Q2. This work builds upon existing research on spurious correlation [1,2,3,4]. Spurious correlation is a statistical concept that describes a relationship between two variables that appears to be related but is actually coincidental or influenced by an external variable [5]. Due to the statistical nature of spurious correlations, identifying spurious features on a per-data-point basis is challenging to achieve for now. This limitation is also noted in Section I of the appendix for further discussion.
For a comprehensive comparison, we conducted experiments across major benchmark datasets commonly used in spurious correlation studies. Our proposed method is capable of addressing multiple spurious correlations simultaneously by utilizing corresponding spurious text prompts, thus extending beyond a single-feature scenario. Additionally, our method supports multi-class spurious labels. For example, in the FMOW dataset, satellite images from diverse geographical regions show multi-class spurious features.
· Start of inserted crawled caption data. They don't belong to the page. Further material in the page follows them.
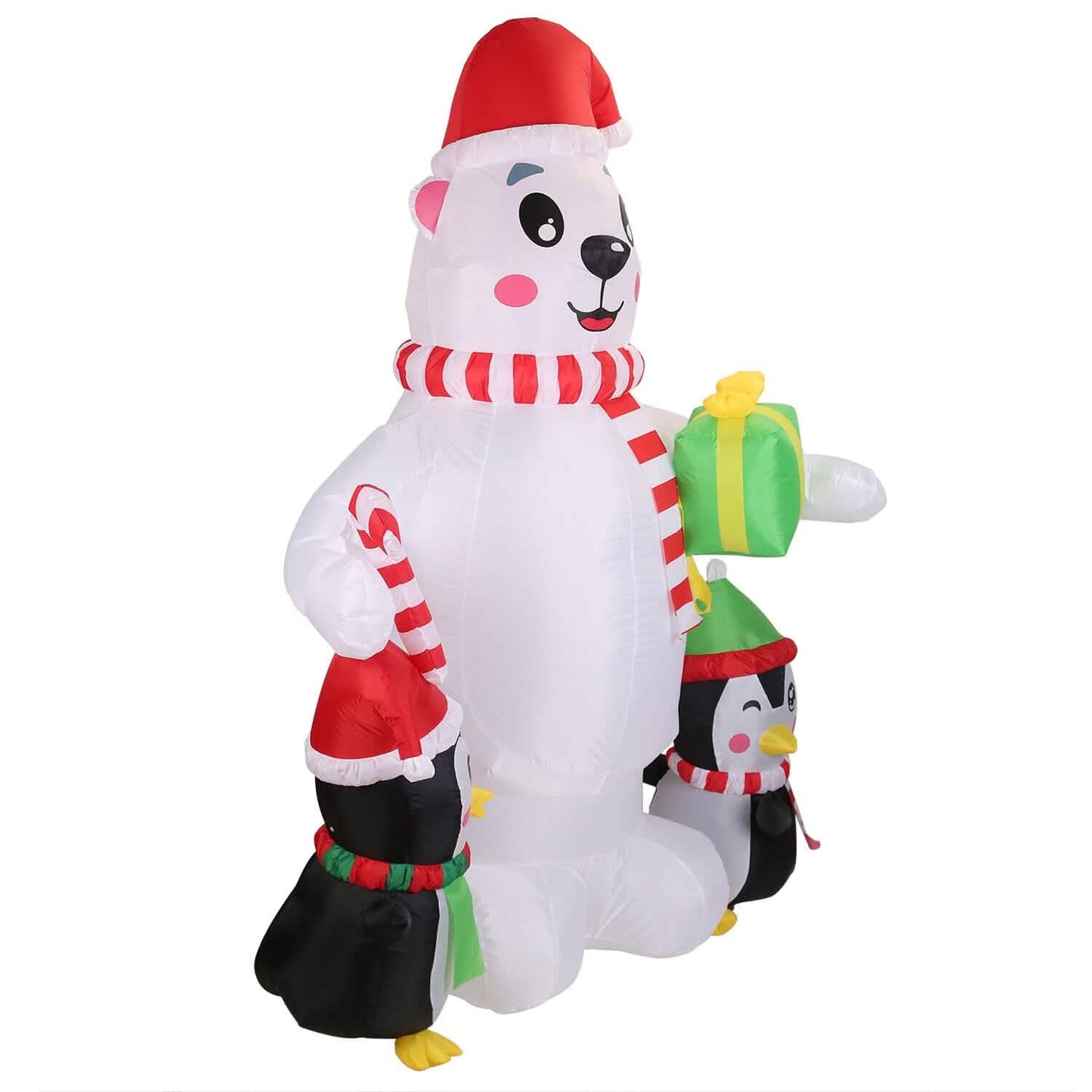 5.9Ft Christmas Inflatable Polar Bear and Penguin Blow Up Yard Outdoor Decoration with LED DailySale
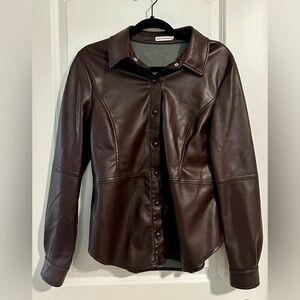 Avec Les Filles Dark Brown Leather Shirt Jacket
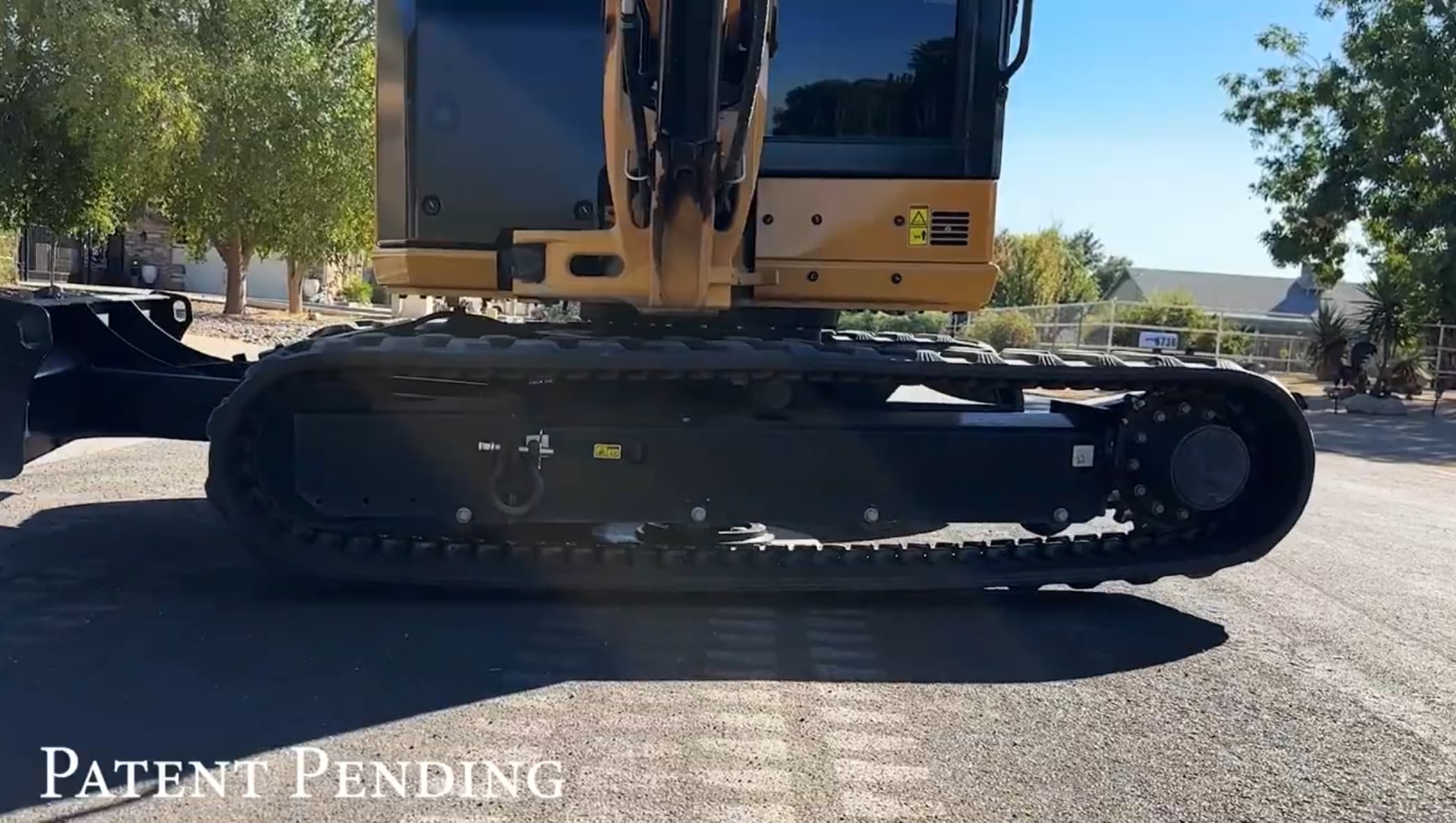 The Excavator Foot prototype extended beneath an excavator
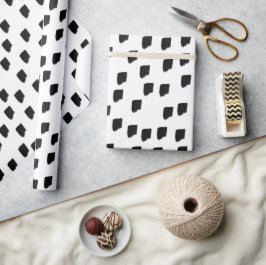 白黒の水色のブラシストローク ラッピングペーパー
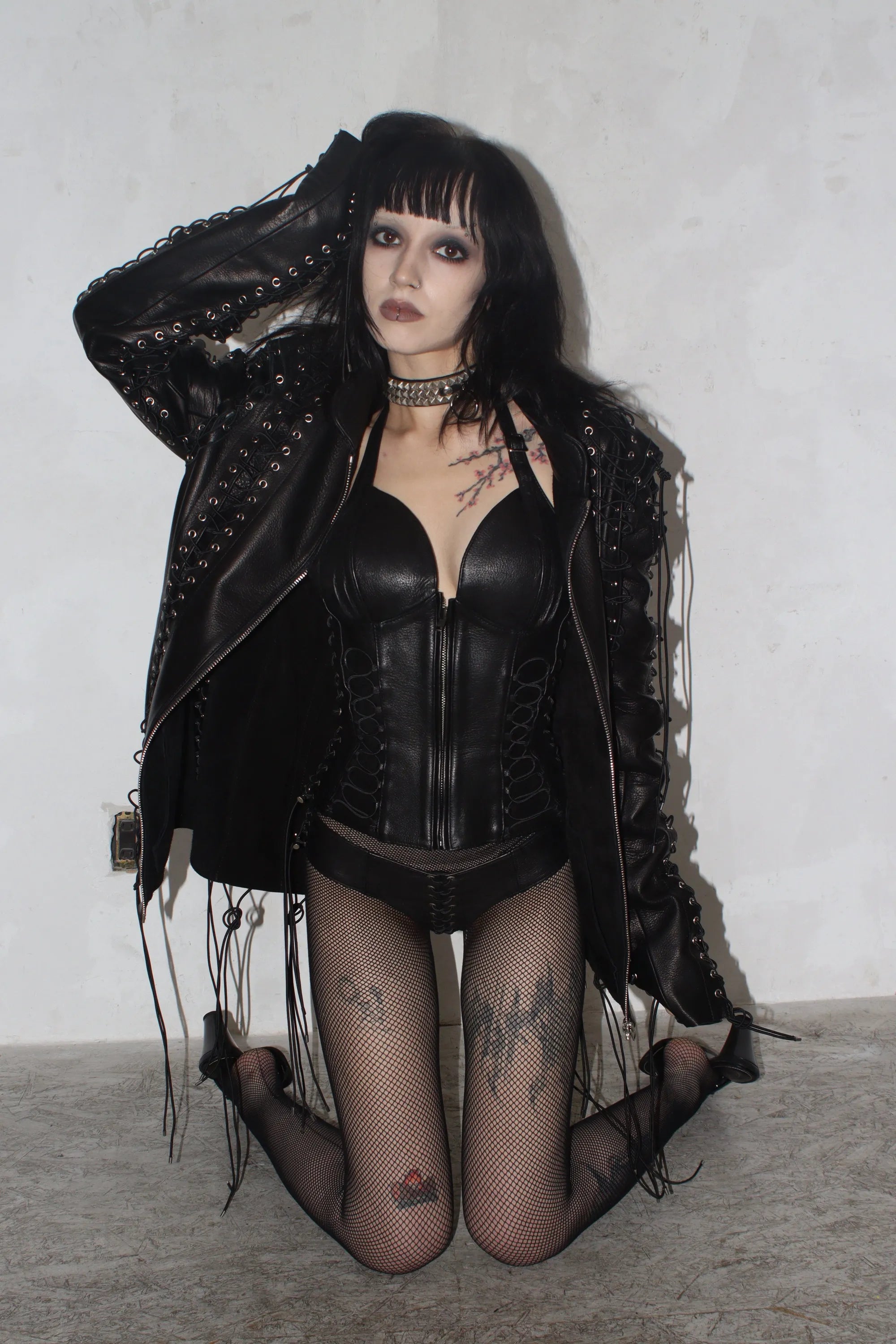 Lace Up Leather Jacket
Both TIE and TIE* have addressed multi-class spurious correlations in large-scale dataset studies.
[1] Wu, Shirley, et al. "Discover and cure: Concept-aware mitigation of spurious correlation." International Conference on Machine Learning. PMLR, 2023.
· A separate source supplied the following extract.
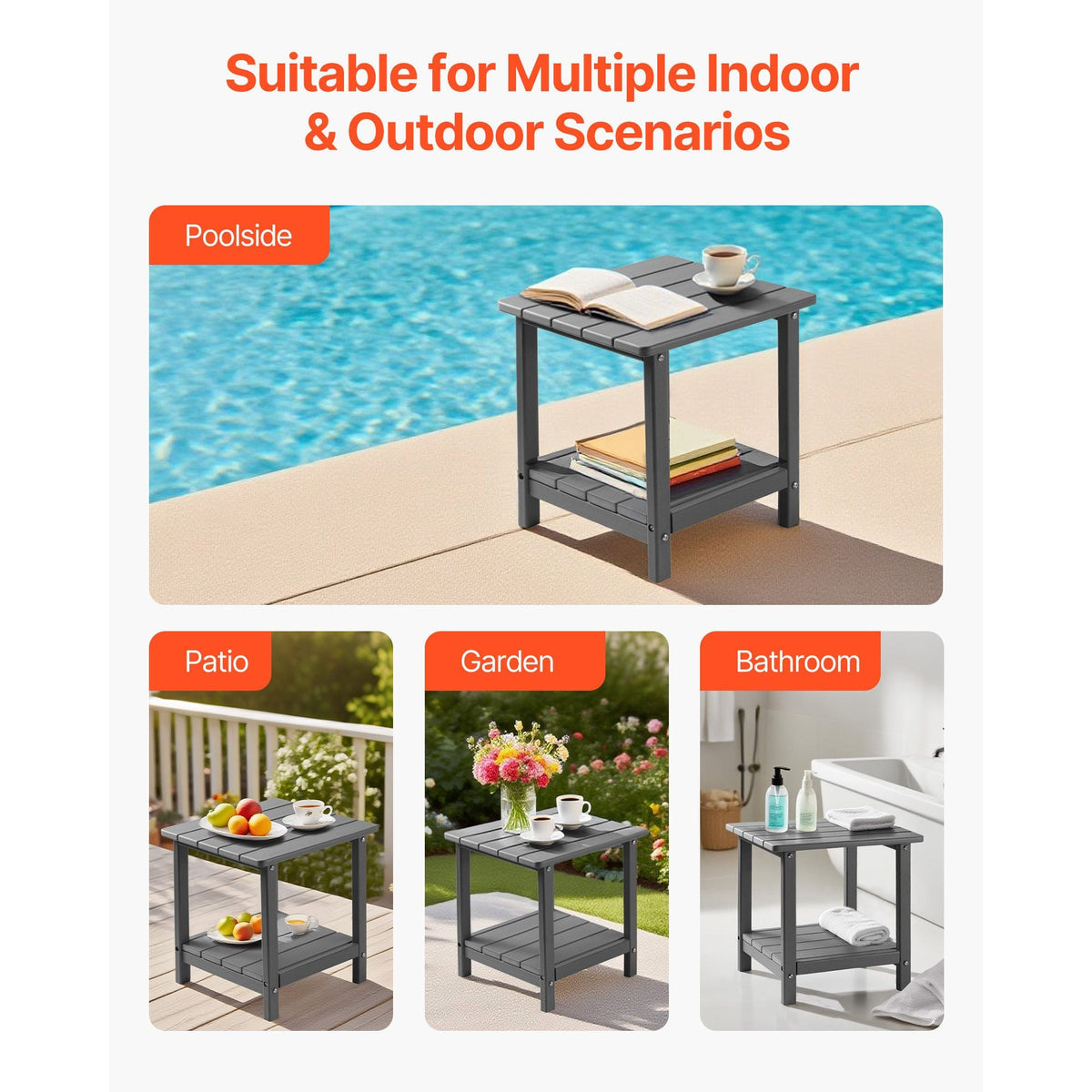 Outdoor Side Table, 17.72W x 14.96D x 17.32H Inch, Double Layer HDPE Outside End Table for Easy Maintenance, Withstand Harsh Weather, Fit for Patio, Pool, Beach, Porch, Indoor, Backyard, Grey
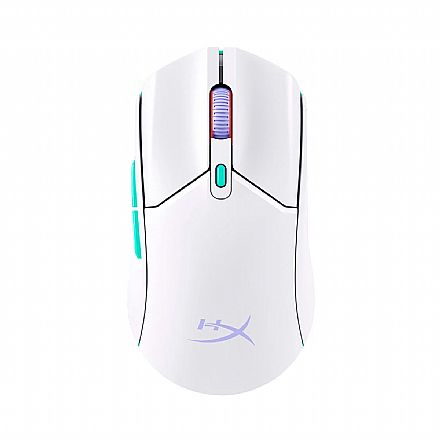 Mouse Gamer sem Fio HyperX Pulsefire Haste 2 Core - 2.4GHz e Bluetooth - 12.000dpi - Sensor HyperX Core - 6 Botões - RGB - Branco - 8R2E7AA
[2] Sagawa, Shiori, et al. "Distributionally robust neural networks for group shifts: On the importance of regularization for worst-case generalization." arXiv preprint arXiv:1911.08731 (2019).
[3] Adila, Dyah, et al. "Zero-Shot Robustification of Zero-Shot Models." The Twelfth International Conference on Learning Representations. 2024.
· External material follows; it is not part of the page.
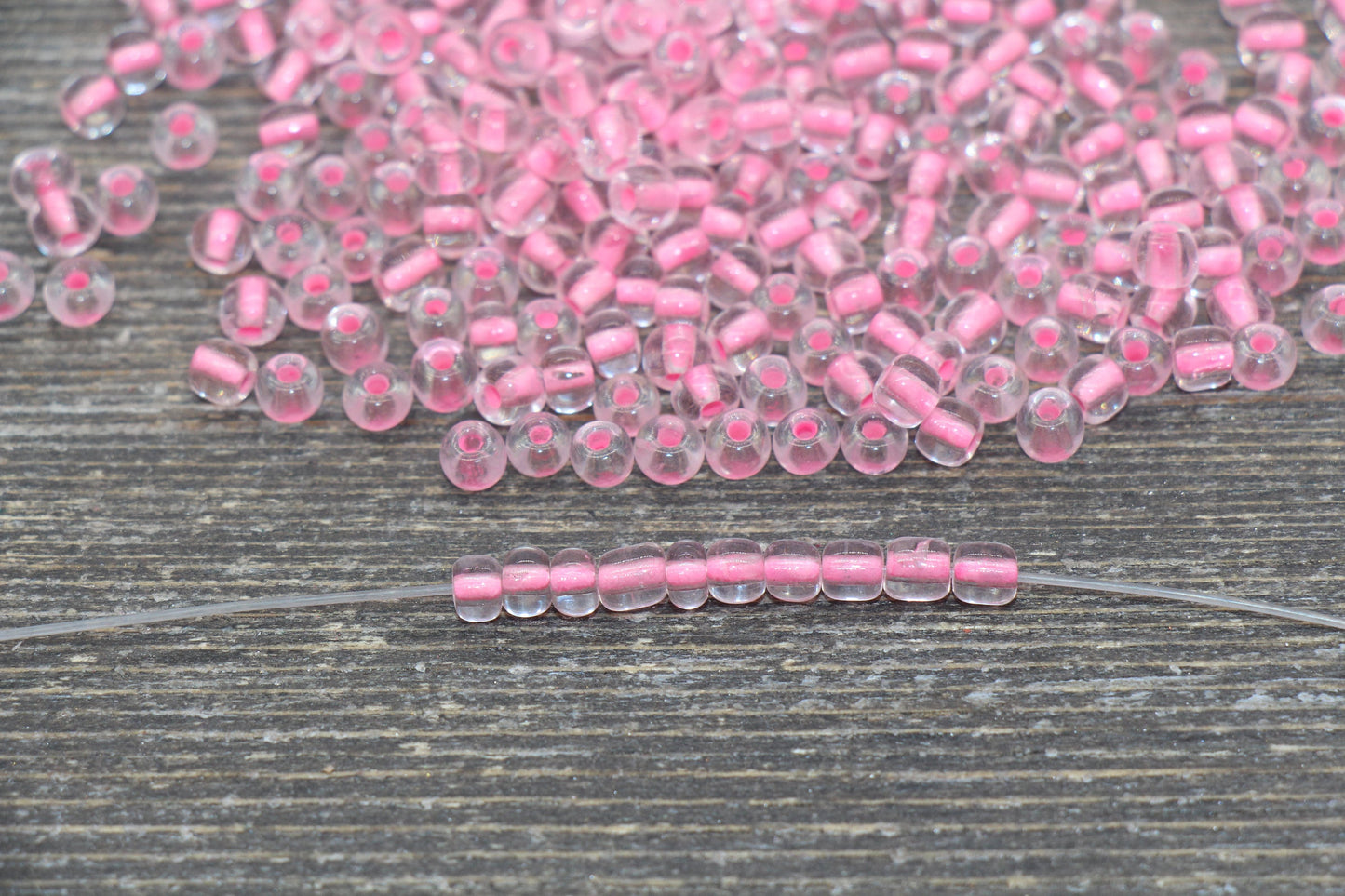 GLOW Glass Beads, 4mm 6/0 Glass Beads, Glow in Dark Transparent Beads with Pink Lining Beads, Rocailles Beads, Beading Supplies #2404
[4] Kirichenko, Polina, Pavel Izmailov, and Andrew Gordon Wilson. "Last Layer Re-Training is Sufficient for Robustness to Spurious Correlations." The Eleventh International Conference on Learning Representations.
[5] Ye, Wenqian, et al. "Spurious correlations in machine learning: A survey." arXiv preprint arXiv:2402.12715 (2024).
we sincerely appreciate your positive feedback and thorough review. We hope to take this opportunity to address your questions.
Weakness
(1) More in-depth discussion of the method is necessary (Why does it work? When does it fail? etc.)
W(1) [Why does it work?] Our work is grounded in a theoretical analysis which establishes that, under conditions of spurious correlations, the optimal translation operator for image embeddings aligns in the opposite direction of the spurious vector. Conceptually, this can be interpreted as neutralizing the influence of spurious features. In the domain of VLMs, the spurious vector can be effectively identified through the use of spurious text prompts. Building on this foundation, we propose TIE and TIE* as solutions to address spurious correlations in VLMs. Our method effectively integrates both image and text modalities, satisfying the requirements of VLMs and is supported by a solid theoretical foundation. These factors collectively provide a strong rationale for why our methods consistently achieve the best or second-best WGA performance across various datasets.
[When does it fail?] We kindly redirect Reviewer Y3Qc to the general response A2 for detailed information.
(2) English can be improved.
W(2) Thank you for your suggestion. We will refine our wording in the revised version.
Question
(1) Have you conducted an evaluation of the quality of the predicted pseudo-spurious labels on a validation set in order to analyze and bridge the accuracy gap between TIE and TIE*?
Q1. In Section 4.4, we investigated the accuracy of pseudo-spurious labels and their relationship with the worst group accuracy (WGA) of the zero-shot classification, as shown in Figure 4 on the right-hand side. We demonstrated that the accuracy of predicting spurious labels monotonically benefits the WGA in zero-shot classification. To further validate this relationship, we conducted experiments on the CelebA dataset, where we computed the accuracy for the spurious label 'male' using various models: CLIP ViT-B32, CLIP ViT-L 14, and CLIP ResNet-50. The results are shown below.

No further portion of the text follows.